Dzisiaj, 16 lutego 2024 r., zmarł Aleksiej Nawalny. Za jego śmierć politycznie odpowiada oczywiście
Putin, niezależnie od tego, czy wydał dzisiaj rozkaz zamordowania opozycjonisty. Politolodzy pytani, czy śmierć Nawalnego wpłynie na nastroje polityczne tuż przed wyborami, na ogół mają wątpliwości. Opozycja demokratyczna, którą prezentował, nie ma szerokiego poparcia społecznego, dotychczasowe zabójstwa polityków - Siergieja Juszenkowa, Galiny Starowojtowej, Borisa Niemcowa - nie wpłynęły na sytuację władz, hasła typu "demokracja", "walka z korupcją" nie budzą obecnie namiętności. Przy ogromnych nakładach finansowych na wojnę korupcja nikogo nie dziwi, a demokracja kojarzy się z biedą i rozpadem kraju lat 90-tych. Hołd Nawalnemu składa prozachodnia rosyjska opozycja w kraju i za granicą. Szansa, że będzie to kropla przelewająca czarę niezadowolenia jest niewielka. W Rosji władza cieszy się poparciem, gdyż dla wielu ludzi wojna oznacza niespodziewane źródło pieniędzy, wzrost poczucia godności, poczucie uczestniczenia w wielkiej sprawie. Po powrocie z Ukrainy grupa Wagnerowców w ciągu paru dni wydała 3 mln rubli (ok. $1,5 tys) na wódkę i dziwki, zakała rodziny, były więzień teraz np. funduje rodzicom wczasy w drogim kurorcie i wygłasza prelekcje patriotyczne. Liczni Rosjanie nic nie stracili, bo nie mieli czego tracić, przeciwnie, łatwiej teraz o pracę, pensje są wyższe. Życie ludzkie nigdy nie było tu cenione, kraj zyskał nowe terytoria.

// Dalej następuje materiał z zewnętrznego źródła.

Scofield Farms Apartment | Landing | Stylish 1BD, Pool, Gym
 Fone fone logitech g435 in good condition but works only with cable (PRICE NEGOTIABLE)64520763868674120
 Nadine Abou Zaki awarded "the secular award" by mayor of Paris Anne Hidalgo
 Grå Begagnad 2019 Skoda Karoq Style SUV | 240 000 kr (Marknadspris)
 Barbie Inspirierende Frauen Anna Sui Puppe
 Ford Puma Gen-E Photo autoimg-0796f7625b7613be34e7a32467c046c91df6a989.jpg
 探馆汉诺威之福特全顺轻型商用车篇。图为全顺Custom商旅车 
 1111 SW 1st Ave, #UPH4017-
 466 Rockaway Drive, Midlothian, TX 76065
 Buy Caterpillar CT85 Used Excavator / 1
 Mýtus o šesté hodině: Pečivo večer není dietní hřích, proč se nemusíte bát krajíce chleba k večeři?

Przeciwnicy Putina mają mu za złe przeciągającą się wojnę, sankcje, inflację, zagrożenie dronami, zbyt nachalną propagandę, ale nie są to kwestie mobilizujące ludzi do walki z władzą. Opozycja musi postawić na inne emocje.
Zacharowa uzasadnia, że dla Rosji w obecnej chwili śmierć Nawalnego to tylko kłopot. Propaganda rządowa wręcz sugeruje, że Nawalnego zabili...Amerykanie, bo chcą odwrócić uwagę społeczną od zdobycia przez Rosję Awdijewki, kłopotów Zełenskiego i problemów z migracją.